Why is ImageDataGenerator() performing poorly?

I am trying to build a image classification model, using ImageDataGenerator(). It seems that the model trains and performs poorly. The training loss stays at around 15 and the accuracy is barely 10%, the validation is about the same.

Just to see what would happen, I tried training without using the ImageDataGenerator() and set up the data in a similar way. It performed much better in training, validation and testing. With training loss of 0.71 and accuracy of 75% and validation loss of 0.8 and accuracy of 72%.

I need to figure out this model with the data generator because I will be moving on to a larger dataset, where it will not fit into memory.

So, I guess my question is what am I doing wrong with the ImageDataGenerator() that it is performing so badly and how can I improve the outcome?

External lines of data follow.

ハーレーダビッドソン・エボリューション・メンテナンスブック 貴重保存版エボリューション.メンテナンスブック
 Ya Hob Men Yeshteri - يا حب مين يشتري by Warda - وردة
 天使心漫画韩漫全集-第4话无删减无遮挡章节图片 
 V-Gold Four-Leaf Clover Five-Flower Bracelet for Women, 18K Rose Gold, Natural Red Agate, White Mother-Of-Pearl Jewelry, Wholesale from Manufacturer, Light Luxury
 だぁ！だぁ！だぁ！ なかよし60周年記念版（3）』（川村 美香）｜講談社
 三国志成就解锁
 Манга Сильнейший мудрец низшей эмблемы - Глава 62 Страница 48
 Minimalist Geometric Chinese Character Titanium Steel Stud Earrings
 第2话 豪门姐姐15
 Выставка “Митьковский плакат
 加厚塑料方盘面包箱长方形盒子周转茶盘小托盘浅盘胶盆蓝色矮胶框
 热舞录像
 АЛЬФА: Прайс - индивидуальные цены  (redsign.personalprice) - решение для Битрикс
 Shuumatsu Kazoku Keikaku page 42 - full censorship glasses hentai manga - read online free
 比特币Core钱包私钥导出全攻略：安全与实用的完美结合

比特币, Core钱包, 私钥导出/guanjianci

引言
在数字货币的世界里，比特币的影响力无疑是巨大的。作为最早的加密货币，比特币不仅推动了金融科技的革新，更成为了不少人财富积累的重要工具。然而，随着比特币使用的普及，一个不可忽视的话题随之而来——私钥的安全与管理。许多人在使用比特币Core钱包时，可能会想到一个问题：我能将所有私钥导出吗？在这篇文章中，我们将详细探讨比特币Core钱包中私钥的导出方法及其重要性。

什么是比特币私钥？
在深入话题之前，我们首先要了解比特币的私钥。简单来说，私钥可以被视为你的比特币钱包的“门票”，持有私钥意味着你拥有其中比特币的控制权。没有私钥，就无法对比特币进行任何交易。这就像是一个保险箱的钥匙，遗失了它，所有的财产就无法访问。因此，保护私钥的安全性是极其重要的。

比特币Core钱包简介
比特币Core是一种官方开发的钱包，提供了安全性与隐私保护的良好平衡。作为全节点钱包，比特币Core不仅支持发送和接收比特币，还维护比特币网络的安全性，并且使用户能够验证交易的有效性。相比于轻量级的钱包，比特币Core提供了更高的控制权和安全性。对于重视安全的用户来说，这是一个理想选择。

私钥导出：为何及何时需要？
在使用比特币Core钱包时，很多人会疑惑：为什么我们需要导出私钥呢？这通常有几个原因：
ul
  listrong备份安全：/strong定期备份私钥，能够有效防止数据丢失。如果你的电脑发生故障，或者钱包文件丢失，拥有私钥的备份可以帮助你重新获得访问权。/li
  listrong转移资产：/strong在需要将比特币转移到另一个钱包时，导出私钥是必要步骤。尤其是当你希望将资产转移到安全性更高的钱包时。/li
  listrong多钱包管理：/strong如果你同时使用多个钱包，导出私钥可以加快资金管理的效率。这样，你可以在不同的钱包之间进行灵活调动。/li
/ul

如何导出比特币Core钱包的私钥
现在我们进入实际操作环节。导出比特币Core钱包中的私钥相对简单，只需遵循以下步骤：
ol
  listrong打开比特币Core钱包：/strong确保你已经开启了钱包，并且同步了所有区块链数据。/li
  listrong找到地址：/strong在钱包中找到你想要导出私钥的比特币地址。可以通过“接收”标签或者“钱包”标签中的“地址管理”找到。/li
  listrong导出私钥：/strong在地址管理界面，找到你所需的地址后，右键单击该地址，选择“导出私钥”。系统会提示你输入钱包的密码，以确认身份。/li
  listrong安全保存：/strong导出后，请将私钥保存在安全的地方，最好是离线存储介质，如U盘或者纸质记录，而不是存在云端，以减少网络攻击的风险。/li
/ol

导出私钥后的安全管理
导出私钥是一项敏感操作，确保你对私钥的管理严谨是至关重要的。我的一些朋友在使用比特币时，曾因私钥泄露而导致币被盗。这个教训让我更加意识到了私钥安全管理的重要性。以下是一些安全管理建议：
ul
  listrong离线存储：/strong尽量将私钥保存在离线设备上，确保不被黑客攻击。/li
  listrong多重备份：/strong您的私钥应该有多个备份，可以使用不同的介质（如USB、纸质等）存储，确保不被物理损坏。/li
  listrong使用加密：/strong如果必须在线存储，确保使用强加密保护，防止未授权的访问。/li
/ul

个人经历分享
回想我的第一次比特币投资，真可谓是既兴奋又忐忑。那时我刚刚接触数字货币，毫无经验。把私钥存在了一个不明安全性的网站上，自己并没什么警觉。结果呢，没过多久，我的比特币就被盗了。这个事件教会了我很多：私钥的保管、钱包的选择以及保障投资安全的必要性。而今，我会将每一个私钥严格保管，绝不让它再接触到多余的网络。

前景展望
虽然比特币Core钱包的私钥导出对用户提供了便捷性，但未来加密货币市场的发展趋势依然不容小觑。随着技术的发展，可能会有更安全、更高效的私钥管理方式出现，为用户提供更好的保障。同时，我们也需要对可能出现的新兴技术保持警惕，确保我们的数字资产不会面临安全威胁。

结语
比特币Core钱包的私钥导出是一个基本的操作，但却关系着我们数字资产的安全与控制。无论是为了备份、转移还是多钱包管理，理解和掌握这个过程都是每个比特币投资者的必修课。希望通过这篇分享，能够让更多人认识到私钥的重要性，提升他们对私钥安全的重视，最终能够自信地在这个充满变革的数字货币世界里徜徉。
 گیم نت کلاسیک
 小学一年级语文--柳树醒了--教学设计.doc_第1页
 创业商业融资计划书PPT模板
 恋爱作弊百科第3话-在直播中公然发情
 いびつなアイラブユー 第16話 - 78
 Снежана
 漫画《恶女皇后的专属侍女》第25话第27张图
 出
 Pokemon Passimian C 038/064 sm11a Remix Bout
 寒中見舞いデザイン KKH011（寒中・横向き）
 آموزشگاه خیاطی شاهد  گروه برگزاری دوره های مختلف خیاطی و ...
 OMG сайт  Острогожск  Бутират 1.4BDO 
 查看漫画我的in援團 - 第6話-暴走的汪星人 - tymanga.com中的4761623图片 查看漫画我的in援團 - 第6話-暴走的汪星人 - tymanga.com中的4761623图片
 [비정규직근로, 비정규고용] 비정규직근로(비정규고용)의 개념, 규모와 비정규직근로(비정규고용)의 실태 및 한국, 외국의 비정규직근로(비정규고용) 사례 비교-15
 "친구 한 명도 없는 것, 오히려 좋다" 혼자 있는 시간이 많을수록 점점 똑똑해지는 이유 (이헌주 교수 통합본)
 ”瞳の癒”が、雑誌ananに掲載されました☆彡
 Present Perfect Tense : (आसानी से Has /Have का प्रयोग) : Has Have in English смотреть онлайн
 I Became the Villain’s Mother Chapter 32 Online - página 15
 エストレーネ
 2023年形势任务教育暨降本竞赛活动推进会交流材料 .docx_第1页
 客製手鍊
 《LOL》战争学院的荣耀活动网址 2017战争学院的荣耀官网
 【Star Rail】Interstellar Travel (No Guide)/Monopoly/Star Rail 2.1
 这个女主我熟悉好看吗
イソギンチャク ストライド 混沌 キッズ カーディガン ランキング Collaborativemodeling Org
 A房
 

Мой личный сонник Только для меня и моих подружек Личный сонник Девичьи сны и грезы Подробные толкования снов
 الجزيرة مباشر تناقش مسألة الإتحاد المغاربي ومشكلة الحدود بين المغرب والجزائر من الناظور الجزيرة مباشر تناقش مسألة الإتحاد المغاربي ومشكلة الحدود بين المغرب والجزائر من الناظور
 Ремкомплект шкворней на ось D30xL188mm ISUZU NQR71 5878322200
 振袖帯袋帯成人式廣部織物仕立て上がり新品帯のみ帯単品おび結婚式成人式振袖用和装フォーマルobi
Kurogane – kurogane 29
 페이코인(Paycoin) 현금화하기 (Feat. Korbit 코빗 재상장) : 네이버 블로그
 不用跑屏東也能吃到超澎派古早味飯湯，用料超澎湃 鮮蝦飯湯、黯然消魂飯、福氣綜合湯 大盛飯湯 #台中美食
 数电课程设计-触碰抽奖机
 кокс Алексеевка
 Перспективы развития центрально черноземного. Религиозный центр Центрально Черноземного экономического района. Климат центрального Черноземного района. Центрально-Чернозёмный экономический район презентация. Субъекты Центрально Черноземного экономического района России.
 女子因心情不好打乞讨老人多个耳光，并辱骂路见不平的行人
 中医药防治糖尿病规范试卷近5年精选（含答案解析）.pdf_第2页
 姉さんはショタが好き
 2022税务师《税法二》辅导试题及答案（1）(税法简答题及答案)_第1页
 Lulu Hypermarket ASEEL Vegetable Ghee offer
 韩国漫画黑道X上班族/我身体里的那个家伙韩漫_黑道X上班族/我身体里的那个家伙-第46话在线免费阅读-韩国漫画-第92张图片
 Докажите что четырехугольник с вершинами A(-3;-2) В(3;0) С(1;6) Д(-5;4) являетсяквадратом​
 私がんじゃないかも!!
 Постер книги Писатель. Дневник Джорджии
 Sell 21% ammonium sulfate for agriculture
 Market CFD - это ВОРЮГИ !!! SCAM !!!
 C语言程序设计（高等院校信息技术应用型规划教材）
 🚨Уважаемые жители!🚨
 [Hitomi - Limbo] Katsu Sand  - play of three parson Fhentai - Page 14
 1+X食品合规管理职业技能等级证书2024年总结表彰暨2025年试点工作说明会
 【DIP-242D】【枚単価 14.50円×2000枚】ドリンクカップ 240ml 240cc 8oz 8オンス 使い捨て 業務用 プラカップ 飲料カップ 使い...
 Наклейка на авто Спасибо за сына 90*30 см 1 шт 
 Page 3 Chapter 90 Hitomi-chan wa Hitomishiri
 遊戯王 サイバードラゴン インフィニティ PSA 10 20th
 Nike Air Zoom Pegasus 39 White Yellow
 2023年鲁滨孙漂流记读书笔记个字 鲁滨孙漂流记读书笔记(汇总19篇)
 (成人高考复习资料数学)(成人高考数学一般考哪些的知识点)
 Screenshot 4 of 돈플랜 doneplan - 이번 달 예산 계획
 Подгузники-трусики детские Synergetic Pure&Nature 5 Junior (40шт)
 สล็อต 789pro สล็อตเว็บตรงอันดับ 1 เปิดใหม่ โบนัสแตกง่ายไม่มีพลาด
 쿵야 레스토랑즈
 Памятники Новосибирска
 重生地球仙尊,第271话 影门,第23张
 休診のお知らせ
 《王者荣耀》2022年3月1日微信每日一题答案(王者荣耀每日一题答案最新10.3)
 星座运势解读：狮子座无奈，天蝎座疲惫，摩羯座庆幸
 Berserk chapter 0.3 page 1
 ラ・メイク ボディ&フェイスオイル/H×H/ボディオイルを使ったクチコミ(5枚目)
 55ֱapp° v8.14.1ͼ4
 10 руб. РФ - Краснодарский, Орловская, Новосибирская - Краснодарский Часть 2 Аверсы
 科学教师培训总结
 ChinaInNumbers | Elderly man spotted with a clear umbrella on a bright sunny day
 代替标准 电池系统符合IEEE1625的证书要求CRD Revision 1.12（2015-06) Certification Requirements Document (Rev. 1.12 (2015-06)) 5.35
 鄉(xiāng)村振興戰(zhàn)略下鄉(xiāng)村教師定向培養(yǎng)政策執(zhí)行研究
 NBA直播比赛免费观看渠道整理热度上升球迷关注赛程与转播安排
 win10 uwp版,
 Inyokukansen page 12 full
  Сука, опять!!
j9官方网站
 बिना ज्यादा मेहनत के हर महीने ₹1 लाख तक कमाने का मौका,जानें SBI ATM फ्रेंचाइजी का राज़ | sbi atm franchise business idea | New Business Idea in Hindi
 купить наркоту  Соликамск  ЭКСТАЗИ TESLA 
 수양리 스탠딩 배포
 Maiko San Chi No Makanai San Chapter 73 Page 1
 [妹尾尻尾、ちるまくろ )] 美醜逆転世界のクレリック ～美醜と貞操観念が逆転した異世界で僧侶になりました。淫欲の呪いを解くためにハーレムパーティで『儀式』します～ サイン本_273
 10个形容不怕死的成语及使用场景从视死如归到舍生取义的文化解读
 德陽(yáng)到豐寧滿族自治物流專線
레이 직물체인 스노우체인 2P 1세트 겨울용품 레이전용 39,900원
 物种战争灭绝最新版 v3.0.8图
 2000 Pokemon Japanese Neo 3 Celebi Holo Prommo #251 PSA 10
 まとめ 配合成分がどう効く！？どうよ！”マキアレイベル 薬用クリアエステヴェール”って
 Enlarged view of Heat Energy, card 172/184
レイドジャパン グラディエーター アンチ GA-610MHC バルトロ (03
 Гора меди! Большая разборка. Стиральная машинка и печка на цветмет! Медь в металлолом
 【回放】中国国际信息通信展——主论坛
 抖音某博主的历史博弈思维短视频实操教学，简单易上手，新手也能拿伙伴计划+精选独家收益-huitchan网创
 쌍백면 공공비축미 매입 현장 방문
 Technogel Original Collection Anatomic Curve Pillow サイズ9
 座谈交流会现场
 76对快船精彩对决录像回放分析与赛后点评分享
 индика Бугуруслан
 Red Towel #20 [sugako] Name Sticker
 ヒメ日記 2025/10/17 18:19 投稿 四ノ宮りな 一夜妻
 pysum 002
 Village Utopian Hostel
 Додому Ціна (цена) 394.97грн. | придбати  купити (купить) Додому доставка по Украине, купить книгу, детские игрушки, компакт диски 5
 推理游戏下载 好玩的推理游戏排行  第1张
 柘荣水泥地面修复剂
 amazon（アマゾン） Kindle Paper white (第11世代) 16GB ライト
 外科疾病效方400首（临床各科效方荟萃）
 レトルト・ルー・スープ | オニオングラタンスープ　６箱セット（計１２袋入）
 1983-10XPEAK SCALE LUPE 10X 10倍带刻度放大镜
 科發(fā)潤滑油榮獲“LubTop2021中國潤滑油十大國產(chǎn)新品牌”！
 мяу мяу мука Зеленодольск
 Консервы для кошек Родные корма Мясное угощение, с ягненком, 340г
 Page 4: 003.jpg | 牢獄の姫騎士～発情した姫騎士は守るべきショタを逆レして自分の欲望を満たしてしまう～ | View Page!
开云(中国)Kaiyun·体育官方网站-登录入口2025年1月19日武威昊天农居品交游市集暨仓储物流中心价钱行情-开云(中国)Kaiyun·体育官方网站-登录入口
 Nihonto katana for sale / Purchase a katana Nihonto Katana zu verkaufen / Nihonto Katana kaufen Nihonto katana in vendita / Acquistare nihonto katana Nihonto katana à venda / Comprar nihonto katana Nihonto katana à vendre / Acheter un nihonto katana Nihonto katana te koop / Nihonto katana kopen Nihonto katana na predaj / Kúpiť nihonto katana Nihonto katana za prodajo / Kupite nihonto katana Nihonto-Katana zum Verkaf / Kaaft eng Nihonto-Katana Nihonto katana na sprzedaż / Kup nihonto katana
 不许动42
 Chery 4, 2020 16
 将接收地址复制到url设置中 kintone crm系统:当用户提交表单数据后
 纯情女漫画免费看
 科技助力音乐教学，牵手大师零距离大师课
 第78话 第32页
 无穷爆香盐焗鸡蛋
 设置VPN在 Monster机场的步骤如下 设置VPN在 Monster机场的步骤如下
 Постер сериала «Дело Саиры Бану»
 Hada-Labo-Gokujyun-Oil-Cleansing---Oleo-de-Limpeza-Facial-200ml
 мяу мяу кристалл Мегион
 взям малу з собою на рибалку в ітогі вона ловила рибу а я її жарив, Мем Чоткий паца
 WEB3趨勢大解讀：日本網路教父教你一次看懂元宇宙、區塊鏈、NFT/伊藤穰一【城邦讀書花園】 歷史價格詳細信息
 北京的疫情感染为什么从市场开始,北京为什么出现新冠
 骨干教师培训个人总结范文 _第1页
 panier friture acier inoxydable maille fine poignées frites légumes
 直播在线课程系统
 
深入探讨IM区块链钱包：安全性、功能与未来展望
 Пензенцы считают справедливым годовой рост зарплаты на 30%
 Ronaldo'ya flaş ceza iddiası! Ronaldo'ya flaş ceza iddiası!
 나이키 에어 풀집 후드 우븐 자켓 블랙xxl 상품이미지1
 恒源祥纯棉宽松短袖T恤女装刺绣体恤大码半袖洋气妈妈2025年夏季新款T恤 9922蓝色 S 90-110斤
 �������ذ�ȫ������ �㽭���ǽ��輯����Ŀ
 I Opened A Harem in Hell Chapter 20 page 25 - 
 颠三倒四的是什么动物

When setting up the files (in all Train, Test, Validation folders), there are the classes with its own folder and in those folders is where the images are.

Here is the code:

import tensorflow as tf
from tensorflow.keras.preprocessing.image import ImageDataGenerator
import pickle
from tensorflow.keras.models import Sequential
from tensorflow.keras.layers import Dense, Activation, Flatten, Conv2D, MaxPooling2D, Dropout

data_gen = ImageDataGenerator()
IMG_SIZE = 100
train_it = data_gen.flow_from_directory('D:/.../Train/', class_mode='sparse',
                                       target_size=(IMG_SIZE, IMG_SIZE),color_mode='grayscale', shuffle=True,batch_size=32)
val_it = data_gen.flow_from_directory('D:/.../Validation/', class_mode='sparse',
                                     target_size=(IMG_SIZE, IMG_SIZE),color_mode='grayscale', shuffle=True,batch_size=32)

IMAGE_SIZE = [100, 100]

model=Sequential()
model.add(Conv2D(32,(3,3), input_shape=[*IMAGE_SIZE, 1]))
model.add(Activation('relu'))
model.add(MaxPooling2D(pool_size=(2,2)))

model.add(Dropout(0.5))

model.add(Conv2D(32,(3,3)))
model.add(Activation('relu'))
model.add(MaxPooling2D(pool_size=(2,2)))

model.add(Dropout(0.5))

model.add(Conv2D(32,(3,3)))
model.add(Activation('relu'))
model.add(MaxPooling2D(pool_size=(2,2)))

model.add(Dropout(0.5))

model.add(Flatten())
model.add(Dense(len(train_it.class_indices), activation='softmax'))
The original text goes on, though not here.